Pictures with short captions

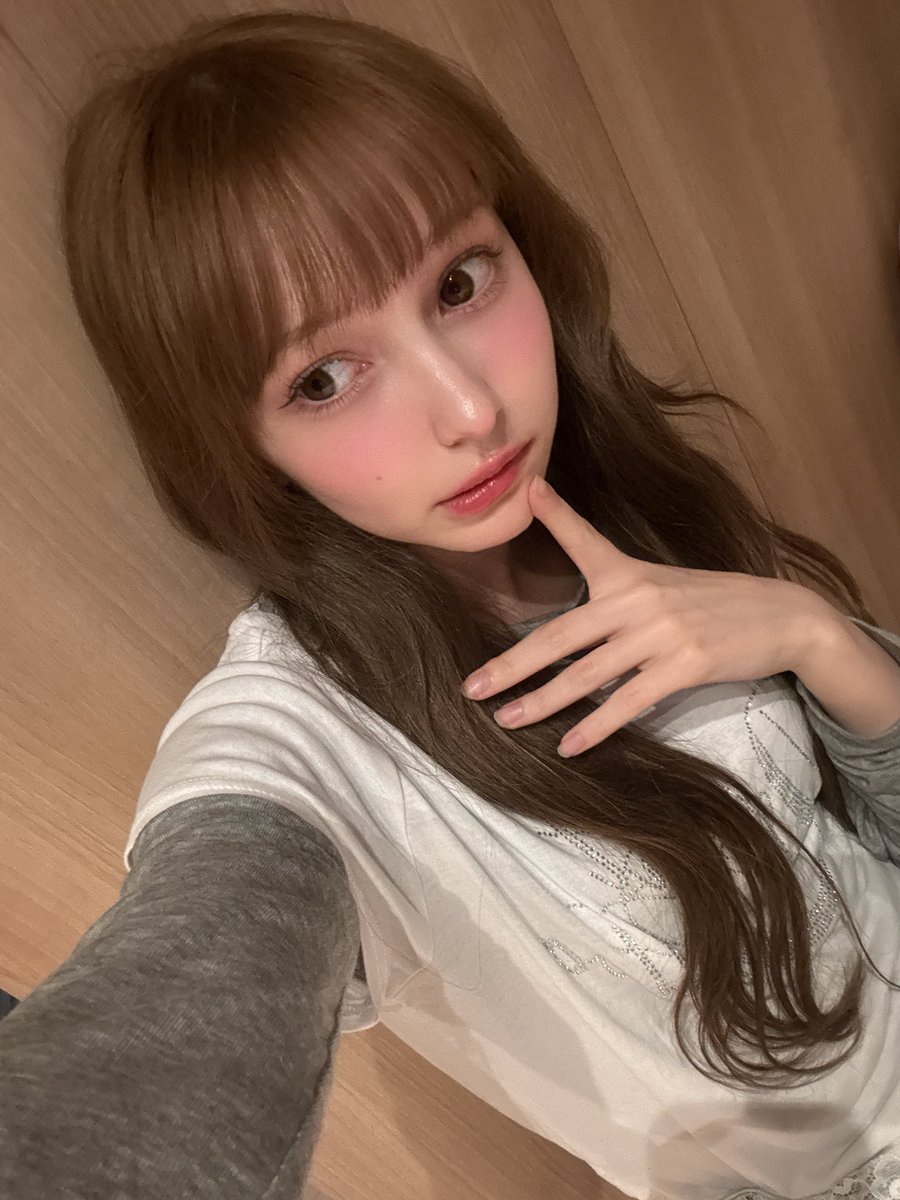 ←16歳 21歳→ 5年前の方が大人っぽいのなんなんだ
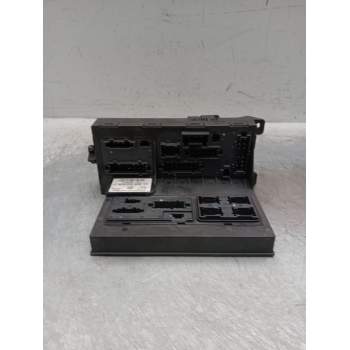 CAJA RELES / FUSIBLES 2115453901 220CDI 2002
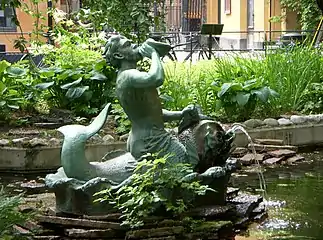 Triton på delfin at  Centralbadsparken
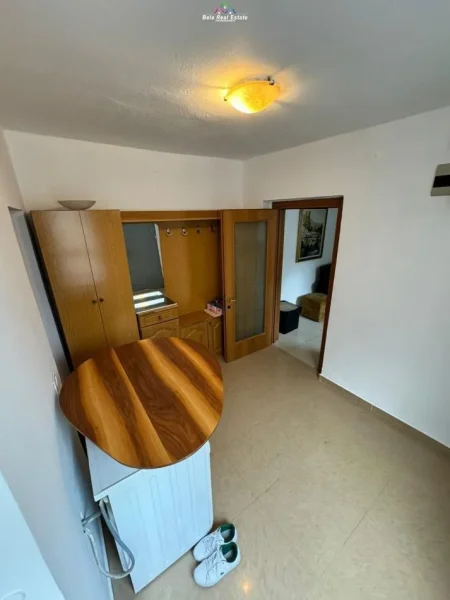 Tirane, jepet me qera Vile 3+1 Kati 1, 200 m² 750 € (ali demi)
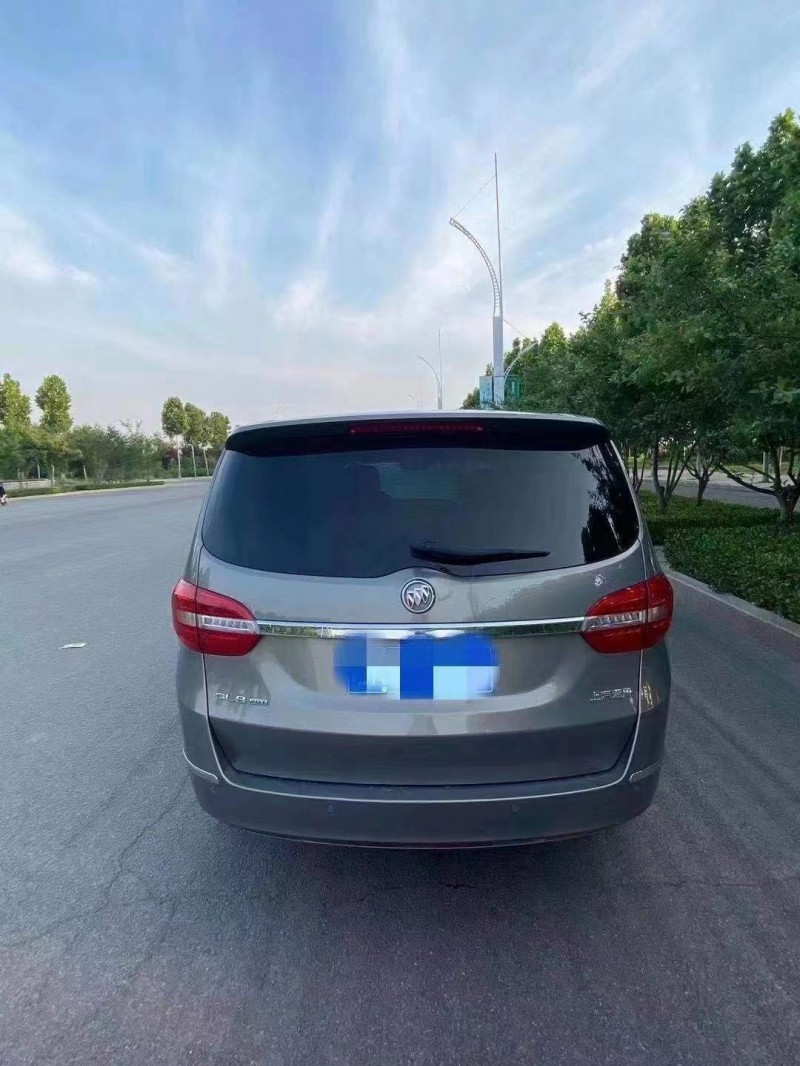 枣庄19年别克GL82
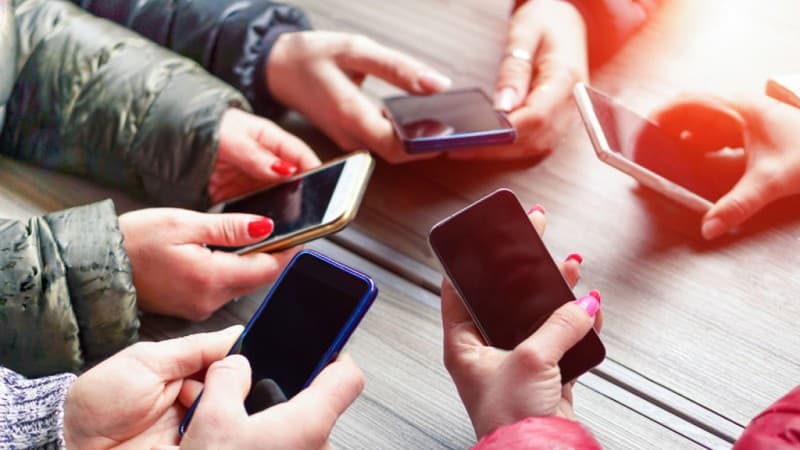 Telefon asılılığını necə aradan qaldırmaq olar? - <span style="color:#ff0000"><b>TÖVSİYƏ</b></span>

• Work task: Repeat only the lines from the one with "枣庄19年别克GL82" through the end of the data, both included and exactly as written. Pictures stay out of the copy.

• Task response:
 枣庄19年别克GL82
 Telefon asılılığını necə aradan qaldırmaq olar? - <span style="color:#ff0000"><b>TÖVSİYƏ</b></span>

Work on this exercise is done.